The charter school crowd surrenders to segregation.by Fred Klonsky |

The connection between segregation and quality education was at the heart of Brown v. Board of Education ruling by the U.S. Supreme Court when it banned legalized segregated public schools over 60 years ago.
Separate but equal cannot be equal, the court ruled.
Sixty years later segregated schools still predominate in the U.S.
So does the argument that you can have racially segregated but equal schools. What may strike some as odd is that the argument comes from charter school promoters who once claimed that the creation of charter schools were the new civil rights movement
No — what we are saying is that traditional public schools account for 20 times more segregation than charters so if you’re really concerned about it, clean your own house. In the meantime, kids need an education–segregated or not.
— Peter Cunningham (@PCunningham57) December 4, 2017
“Segregated or not.”
That is a surrender to separate but equal.
Of course, Cunningham is right about the public school systems. And fighting to clean up our house – one that reeks of the stench of racism – is exactly what those of us who oppose racial segregation have been up to all these years.
But, unlike the charter promoters, I believe it is all our house.
The charter education reformers are responding to a report from Associated Press.

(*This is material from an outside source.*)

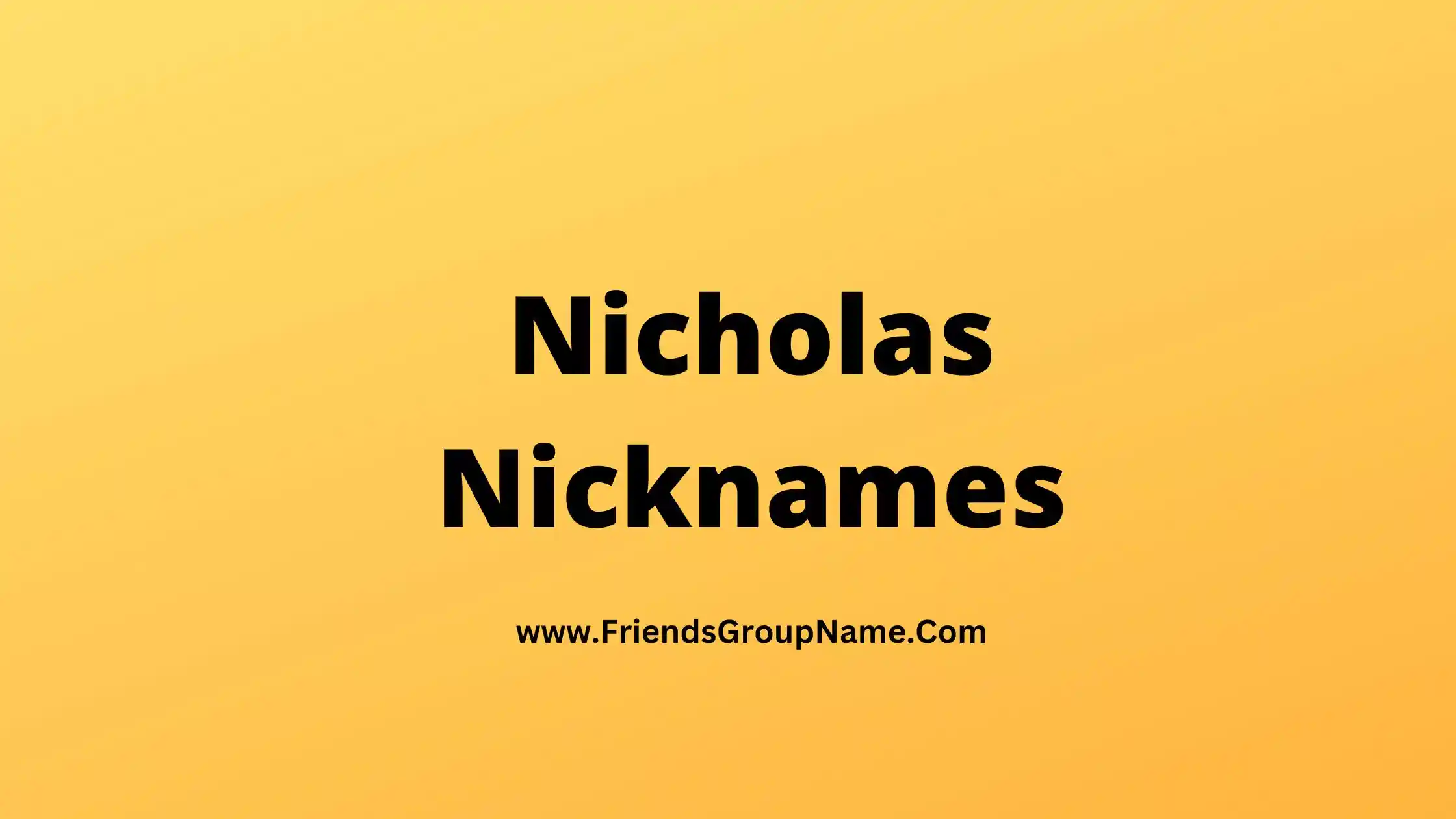 Nicholas Nicknames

Charter schools are among the nation’s most segregated, an Associated Press analysis finds — an outcome at odds, critics say, with their goal of offering a better alternative to failing traditional public schools.
National enrollment data shows that charters are vastly over-represented among schools where minorities study in the most extreme racial isolation. As of school year 2014-2015, more than 1,000 of the nation’s 6,747 charter schools had minority enrollment of at least 99 percent, and the number has been rising steadily.

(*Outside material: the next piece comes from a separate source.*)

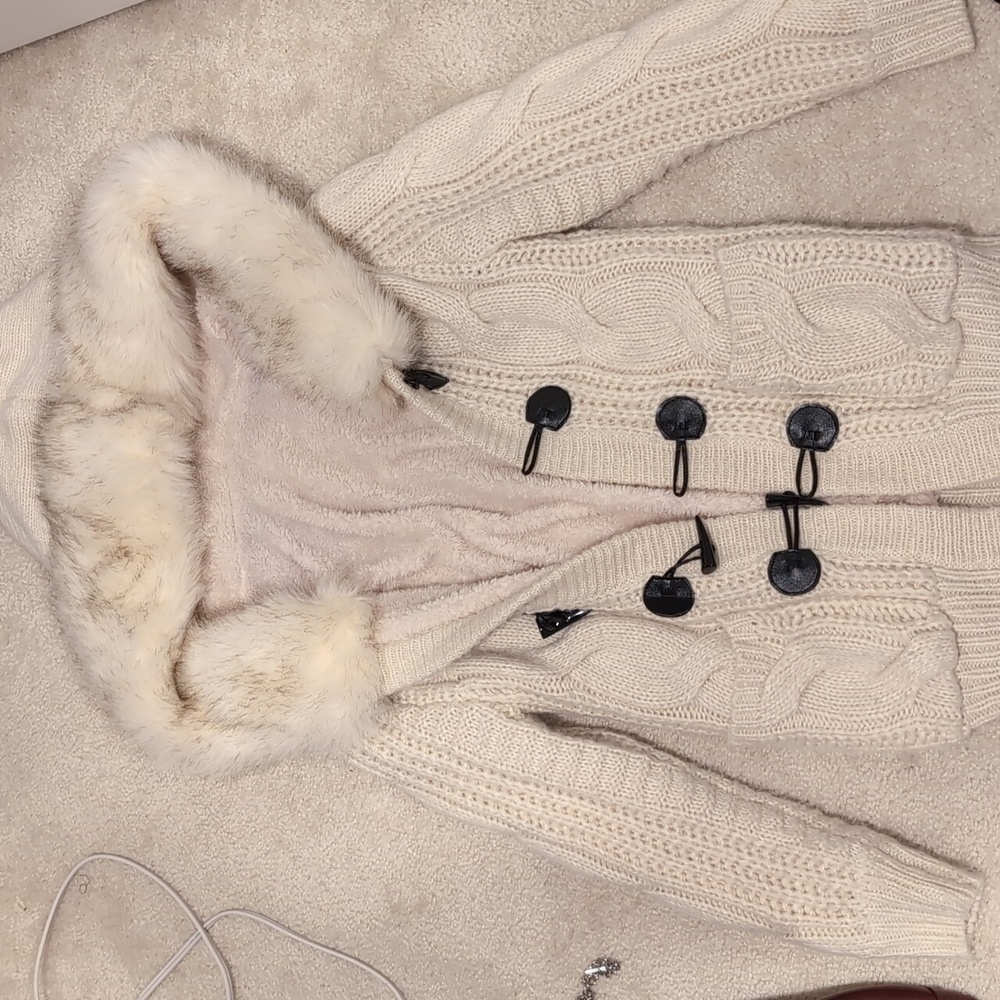 Gyaru Oversized Cable Knit Faux Fur Hooded Cardigan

The problem: Those levels of segregation correspond with low achievement levels at schools of all kinds.
In the AP analysis of student achievement in the 42 states that have enacted charter school laws, along with the District of Columbia, the performance of students in charter schools varies widely. But schools that enroll 99 percent minorities — both charters and traditional public schools — on average have fewer students reaching state standards for proficiency in reading and math.
“Desegregation works. Nothing else does,” said Daniel Shulman, a Minnesota civil rights attorney. “There is no amount of money you can put into a segregated school that is going to make it equal.”

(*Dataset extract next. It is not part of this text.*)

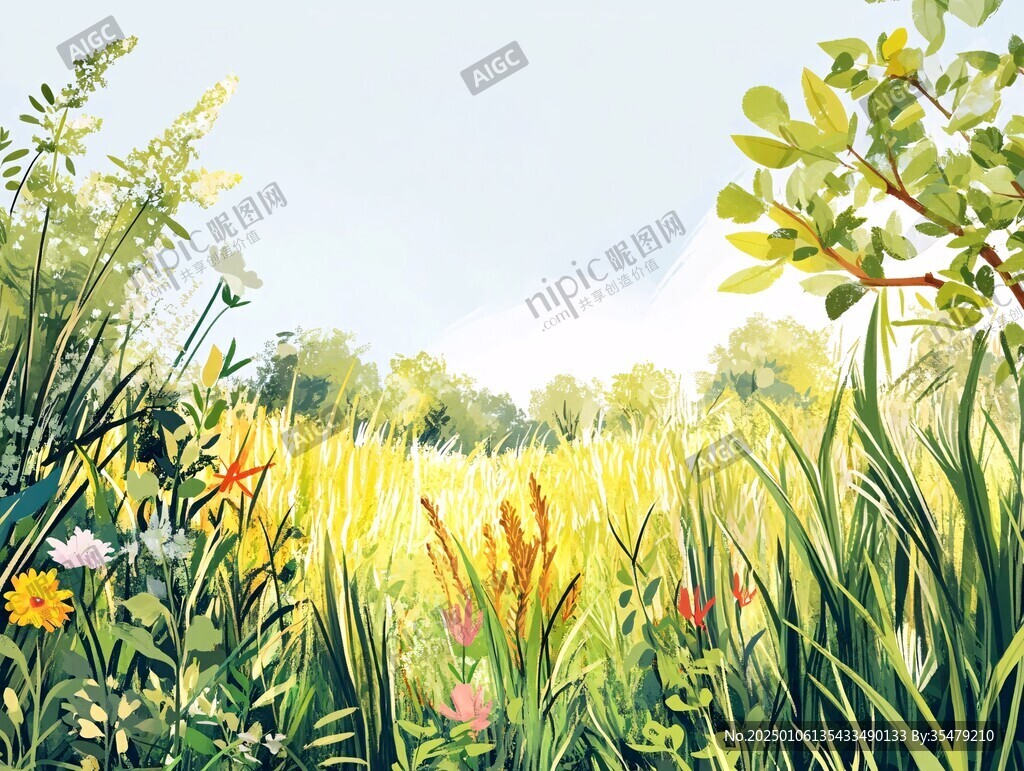 草地场景插画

Shulman singled out charter schools for blame in a lawsuit that accuses the state of Minnesota of allowing racially segregated schools to proliferate, along with achievement gaps for minority students. Minority-owned charters have been allowed wrongly to recruit only minorities, he said, as others wrongly have focused on attracting whites.
MacArthur “genius” grant winner Nikole Hannah-Jones, writes for the New York Times. She writes extensively about schools and race. She has argued and presented data that the single most effective way to improve school performance for all are racially integrated schools.
I have worked very hard to dispel the myth that somehow segregation that’s not required by law is less harmful, so we should be OK with it. I actually believe what Richard Rothstein believes, which is that much of the segregation we see today is de jure even though we call it de facto. It is a direct result of official action. And even where it’s not, we know that black people, specifically, and to a lesser degree Latinos, do not have the same choices and options as other families do. [They are not] somehow the only groups of people in this country who choose substandard schools and substandard neighborhoods; they are in those schools and neighborhoods because they do not have a choice.
I also try to push back against this idea that we tried really hard to integrate our schools and it just didn’t work. We didn’t try very hard for very long. And when we did try, it did work.
The most common myth that I confront is that racism, discrimination, and segregation are Southern phenomena, when clearly the most segregated parts of the country are in the Northeast and the Midwest—areas with white folks who believe that they are quite progressive, who say they believe in integration but practice segregation. My work in recent years has been most critical in trying to discomfort white progressives who’d like to believe that I’m writing about someone else. Really, I’m writing about them.